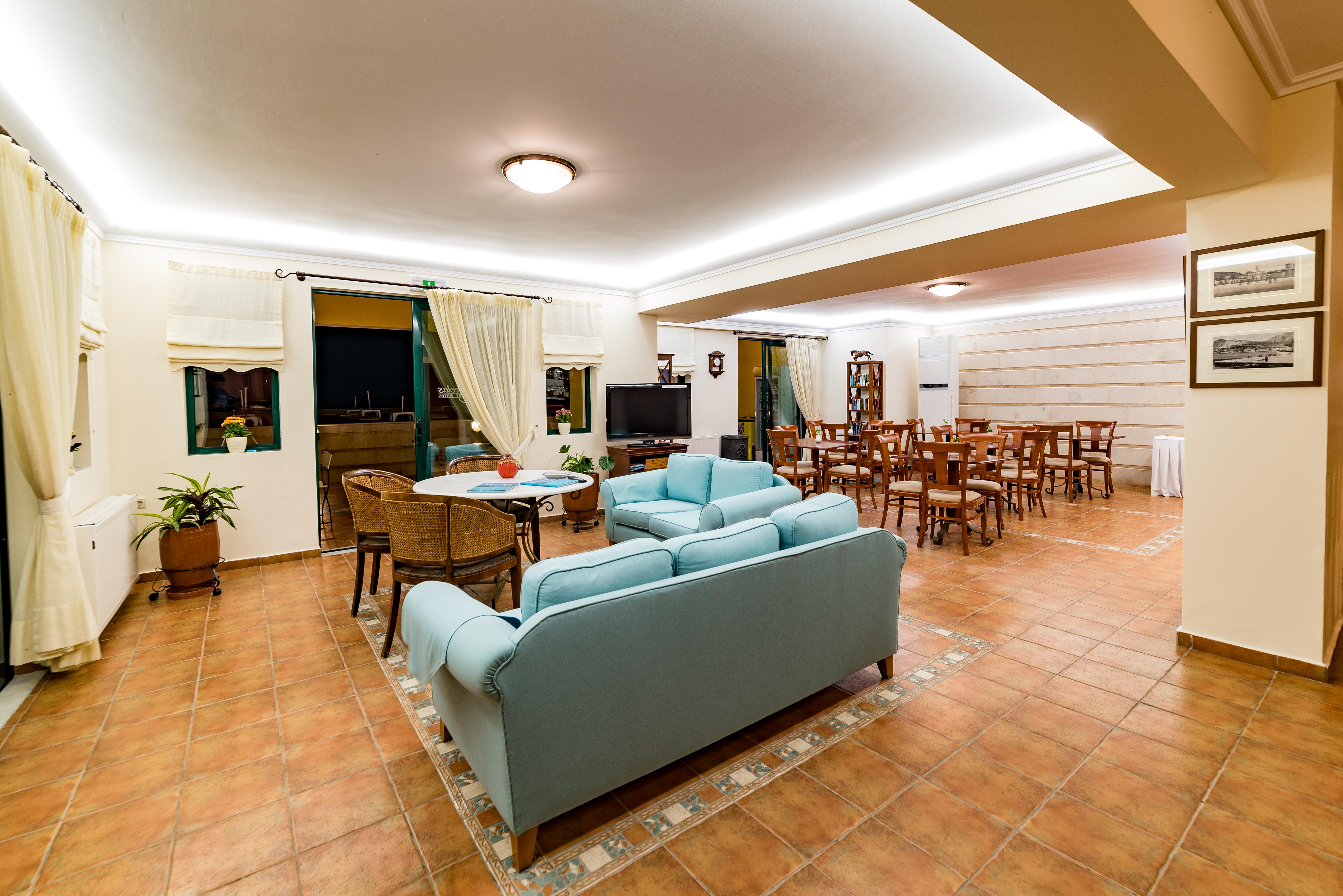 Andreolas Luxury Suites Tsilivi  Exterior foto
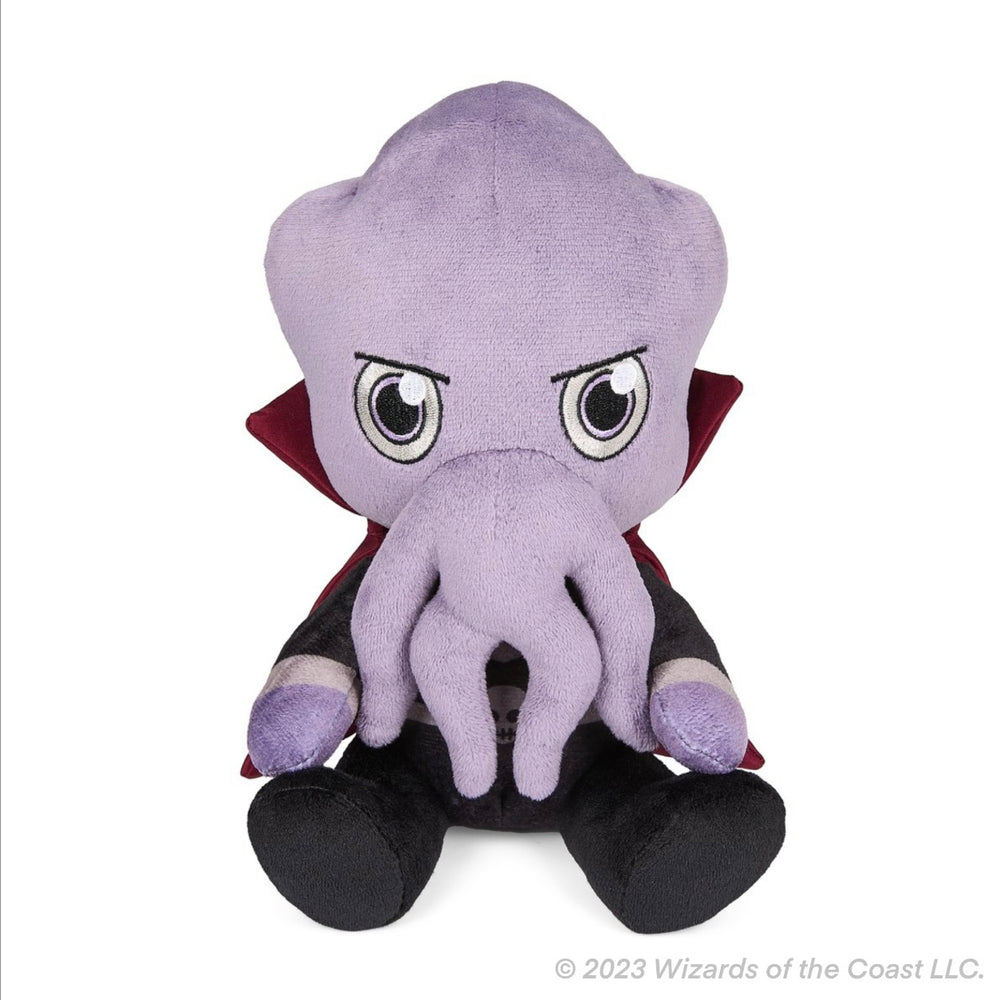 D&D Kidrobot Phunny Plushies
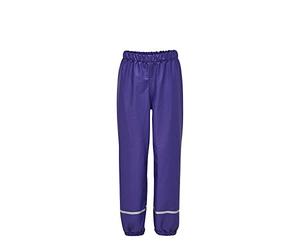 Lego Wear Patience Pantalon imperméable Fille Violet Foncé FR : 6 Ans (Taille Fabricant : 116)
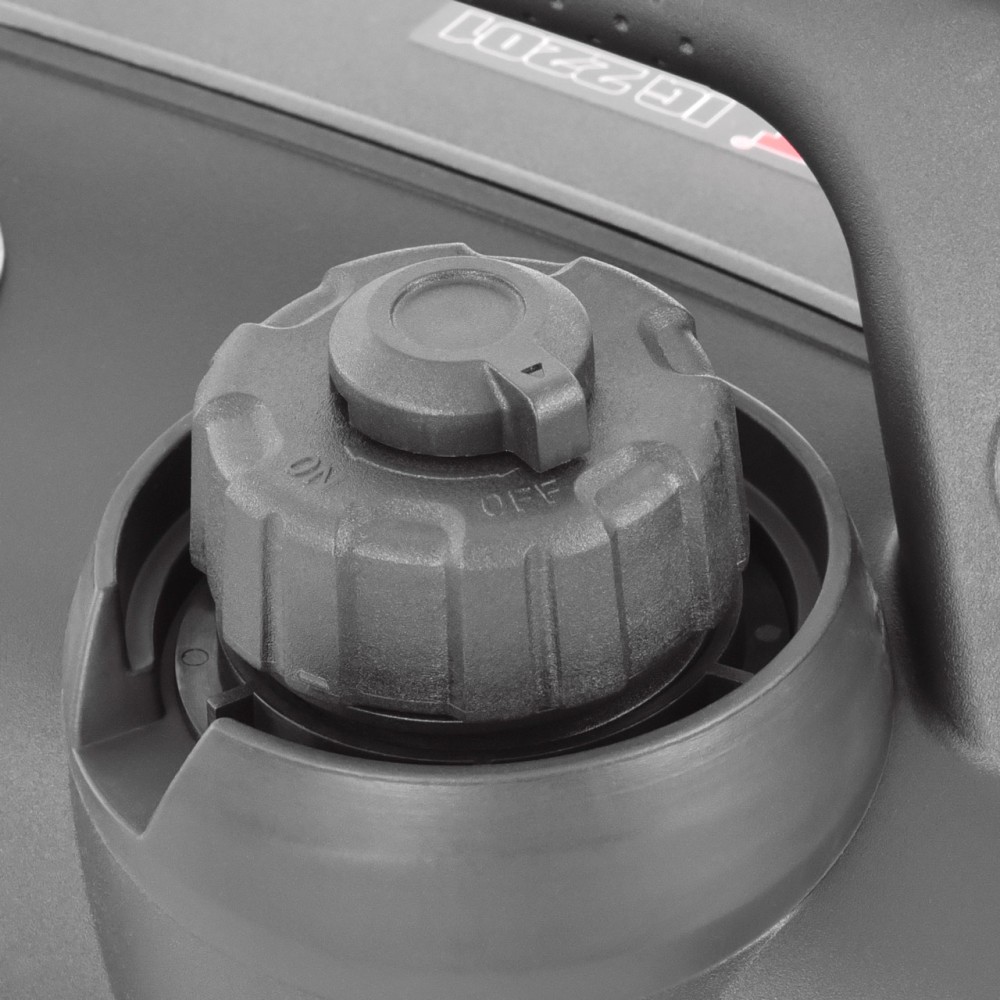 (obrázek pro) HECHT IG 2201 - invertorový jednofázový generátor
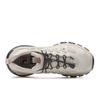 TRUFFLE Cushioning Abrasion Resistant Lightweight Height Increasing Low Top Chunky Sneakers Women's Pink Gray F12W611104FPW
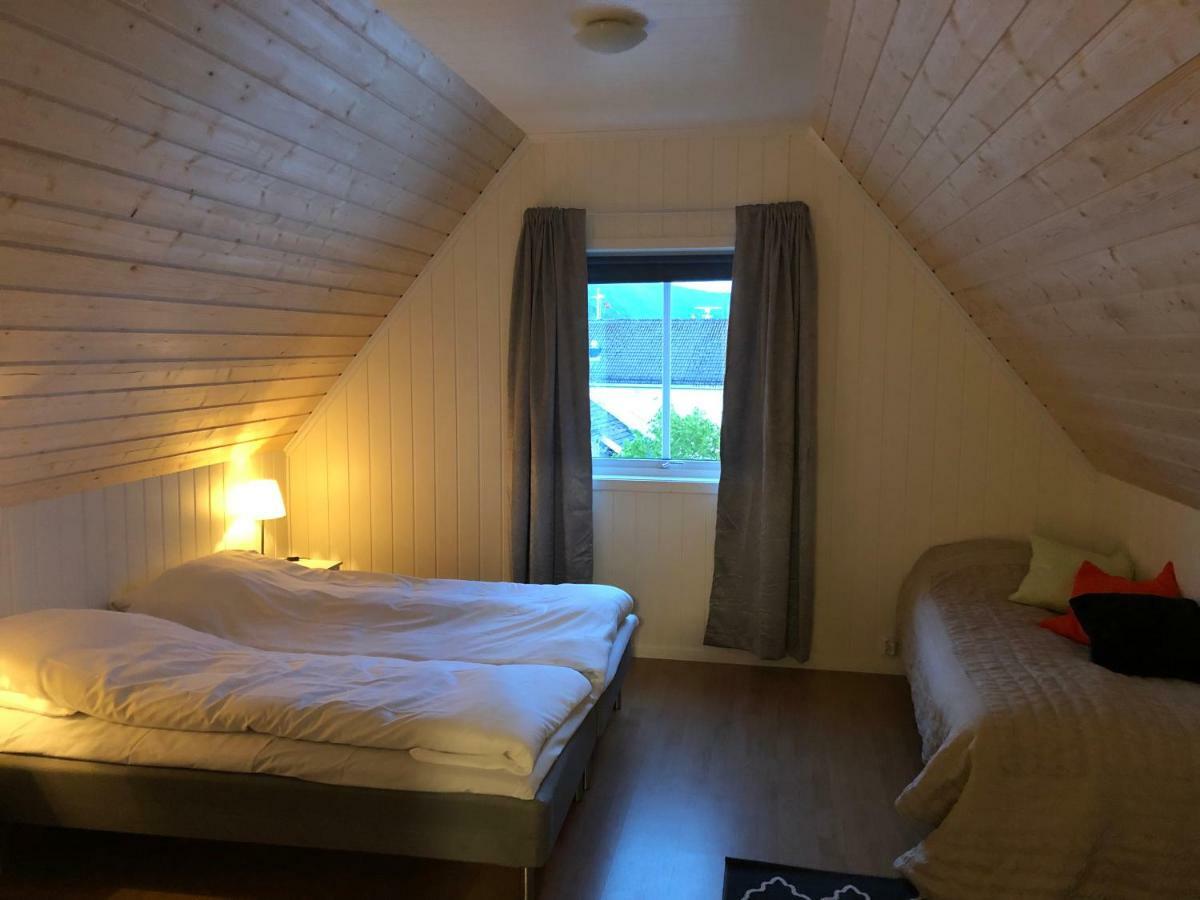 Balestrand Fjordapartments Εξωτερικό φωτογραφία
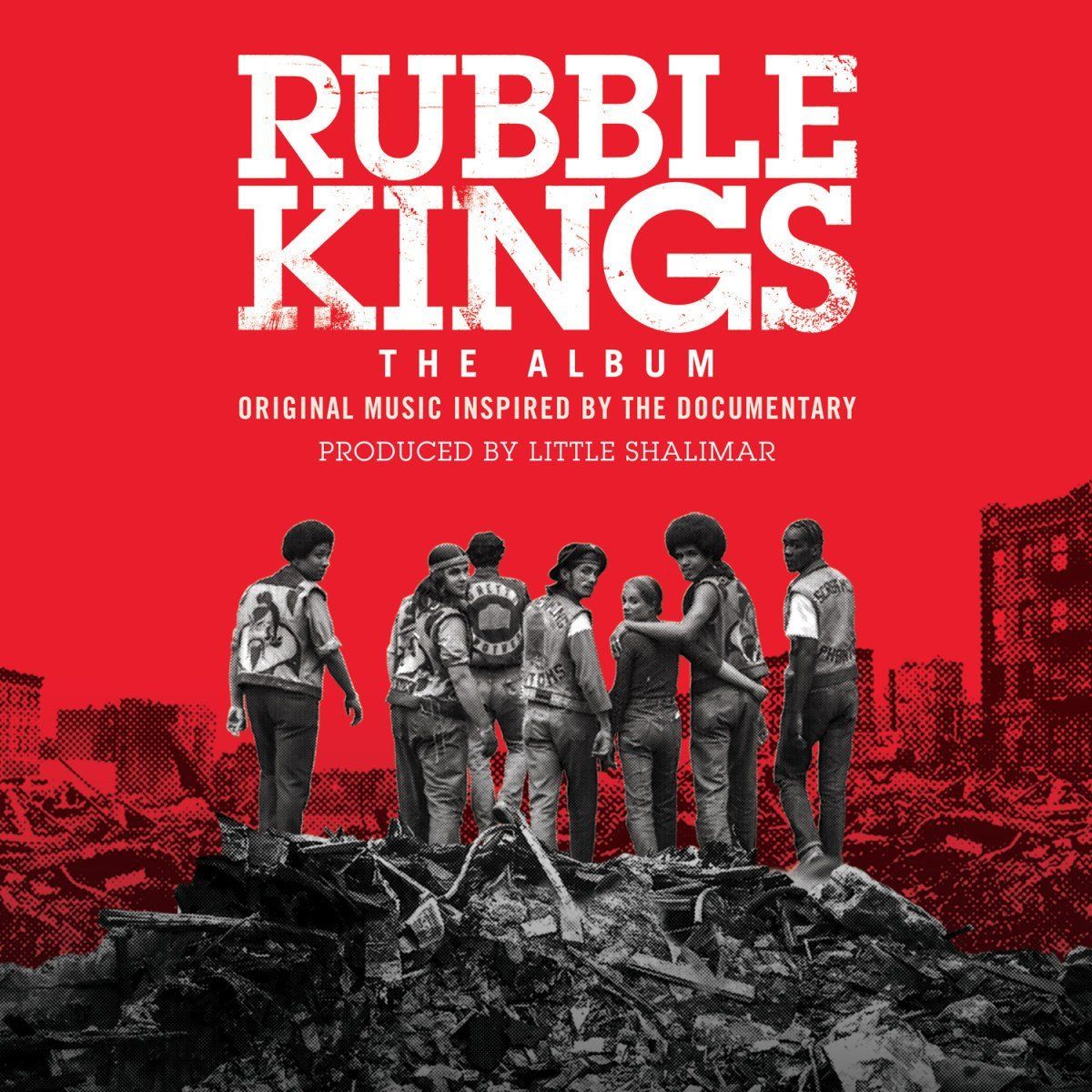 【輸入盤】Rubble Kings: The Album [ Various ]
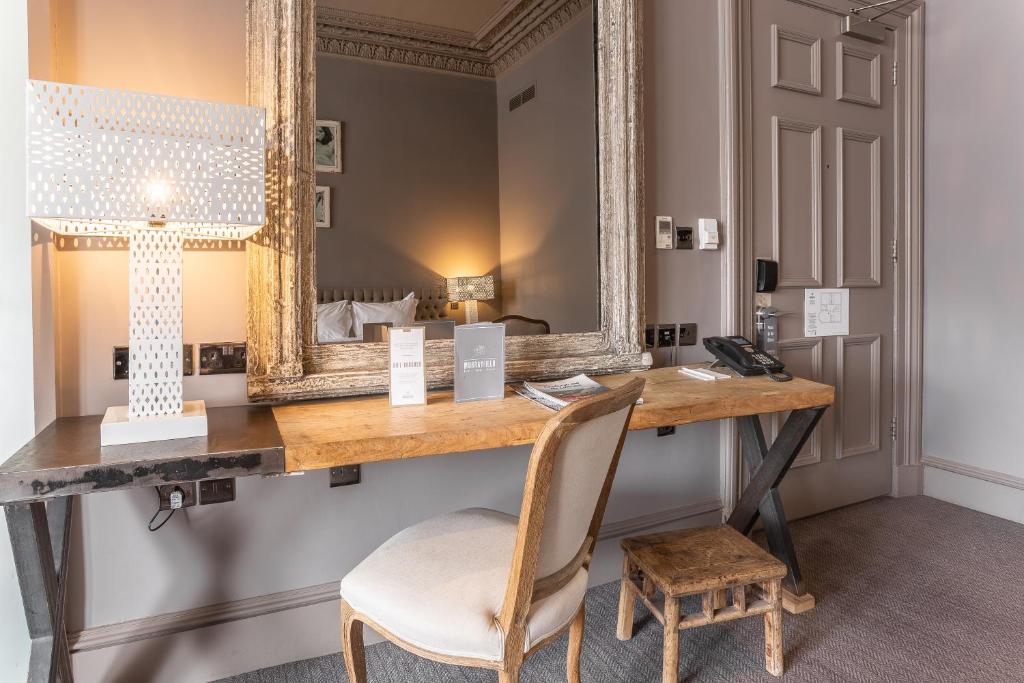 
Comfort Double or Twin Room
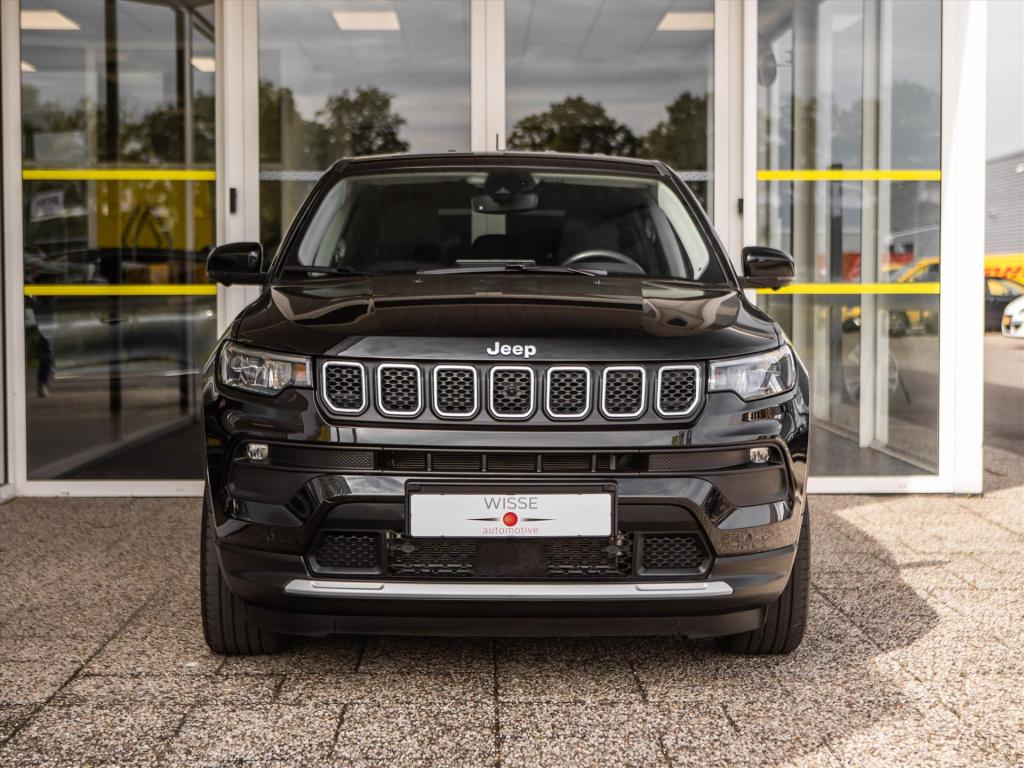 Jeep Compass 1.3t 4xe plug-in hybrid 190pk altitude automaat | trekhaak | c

◆ ◆ ◆ ◆ ◆ ◆ ◆

• [Your objective] The entries are to be printed exactly as written; the pictures are to be left out.

• [Response to this exercise]
 Andreolas Luxury Suites Tsilivi  Exterior foto
 D&D Kidrobot Phunny Plushies
 Lego Wear Patience Pantalon imperméable Fille Violet Foncé FR : 6 Ans (Taille Fabricant : 116)
 (obrázek pro) HECHT IG 2201 - invertorový jednofázový generátor
 TRUFFLE Cushioning Abrasion Resistant Lightweight Height Increasing Low Top Chunky Sneakers Women's Pink Gray F12W611104FPW
 Balestrand Fjordapartments Εξωτερικό φωτογραφία
 【輸入盤】Rubble Kings: The Album [ Various ]
Comfort Double or Twin Room
 Jeep Compass 1.3t 4xe plug-in hybrid 190pk altitude automaat | trekhaak | c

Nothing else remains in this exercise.